The company reported group-wide revenues of $3.04 bn for the quarter – although this was down on the $3.27bn reported in Q3 21 – excluding revenue from its intermodal division, which was sold in March this year, organic revenue increased 3% year on year.

Group adjusted ebitda, meanwhile, increased to $352m, compared with $307m for the same period in 2021.

Since the spin-off of contract logistics operation GXO, XPO has consisted of two main divisions – the less-than-truckload (LTL) carrier that will continue to trade as XPO Logistics, and what will, from tomorrow, be known as RXO.

LTL generated revenue of $1.2bn, compared with $1.1bn for the same period in 2021, primarily reflecting “an increase in yield”, while adjusted ebitda for the period was $258m, compared with $222m the previous year.

Meanwhile, truck brokerage (and other services) revenue was $1.92bn, down from the $2.26bn in the third quarter of 2021, largely due to the sale of the North American intermodal operation, which impacted revenue by $309m.

Brokerage adjusted ebitda was $123m, down from $131m in the same period in 2021, again due to the intermodal sale.

Truck brokerage revenue in North America was down 2%, to $686m for the third quarter, compared with $700m in 2021, which XPO said was “primarily driven by lower truckload pricing in the spot market, partially offset by a year-on-year increase in North American truck brokerage volumes, facilitated by the company’s digital brokerage platform”.

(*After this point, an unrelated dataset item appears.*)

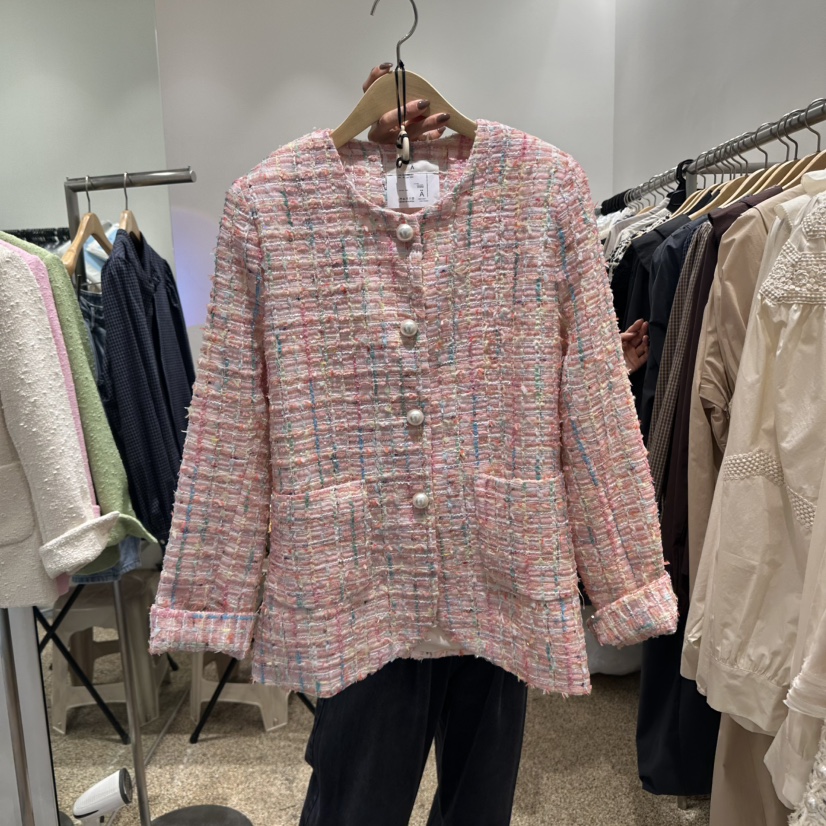 A韓國代購㊣女士新品時尚真品休閑人氣熱賣職業25秋冬推薦夾克A STORE夾克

Outgoing CEO of XPO, Brad Jacobs, who is set to hand the reins of XPO Logistics to Mario Hanik and RXO to Drew Wilkerson, claimed the results left both arms ready to operate as independent companies.

He said: “Our record results in the third quarter demonstrate how strongly our North American businesses are positioned for growth as standalone companies. Both LTL and truck brokerage outperformed on key metrics leading into tomorrow’s spin-off and will thrive.

“Our plan for LTL 2.0 is showing tangible results. We reported third-quarter LTL records for revenue and adjusted ebitda. Our year-on-year tonnage accelerated every month through the quarter and inflected positive in September, with more improvement in October. Importantly, our third-quarter tonnage trend outperformed typical seasonality, bucking industry trends.

“Our truck brokerage business achieved a gross profit margin of 19% in the third quarter, with gross profit dollars up dramatically year on year, by 31%. We grew volume by 9%, decisively outpacing the industry,” he added.